The investment will provide support for CAAAS’s programs, student support, faculty initiatives and community partnerships. Prior to this announcement, funding for the CAAAS was planned to end this year on its fifth anniversary. CU is parading the investment as an act of charity, but in reality is the continuation of an educational center that shouldn’t have to rely on contracts and bursts of generosity.

One black member of Students for a Democratic Society criticized CU, saying that, “Instead of uplifting [African students] and taking action to defend them from aggressors like the Trump administration, they use money to construct a narrative that distracts from their inaction.” 

The Center for Cultural Connections and Community (formerly Center for Inclusion and Social Change) held a Black History Month celebration in the University Memorial Center’s Glenn Miller ballroom. The event included live musical performances, food and speeches from CU campus leaders.

CAAAS director and founder Reiland Rabaka was in attendance at the celebration when the investment was announced. “I don’t just want a center, I want a world-class center,” Rabaka said. He is a professor in the Ethnic Studies department at CU Boulder. He started teaching at CU Boulder in 2005 and established the CAAAS in May 2021.

Despite wishes for a world-class center, some African students are criticizing the University’s ties to the military-industrial complex, believing this investment to be a distraction from war crime profiteering.

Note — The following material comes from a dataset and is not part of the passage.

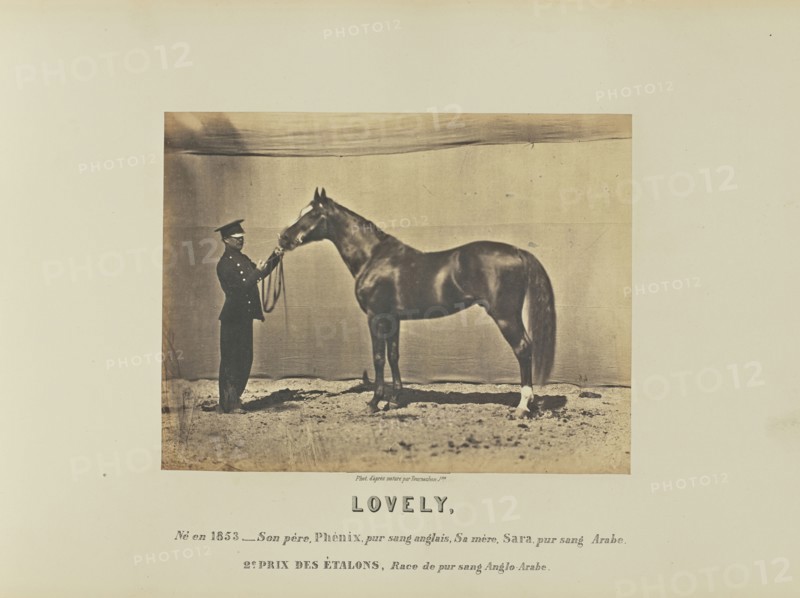 Lovely; Adrien Alban Tournachon, French, 1825 - 1903, France; 1860; Salted paper print; 17 × 22.3 cm, 6 11,16 × 8 3,4 in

A North African student, who asked to be referred to as Djamila, questions the settler administration and the University, asking, “What’s two million dollars mean when African students are barred from entering, when Nigeria is bombed by this regime, and the weapons designed on this campus are used against Africans?” 

Djamila also noted CU’s history, saying the University “…cannot distract from its colonial legacy by a mere $2 million, we are owed so much more.” This colonial legacy was on full display in the 1980s, when student protestors and members of Black Student Alliance (BSA) erected a ‘shantytown’ encampment at the Dalton Trumbo Fountain Court. This led to CU divesting from South African apartheid in 1988, but only after pressure from students, including a demonstration in which police arrested an “…excess of 500 people in one case,” according to the CU Police Department.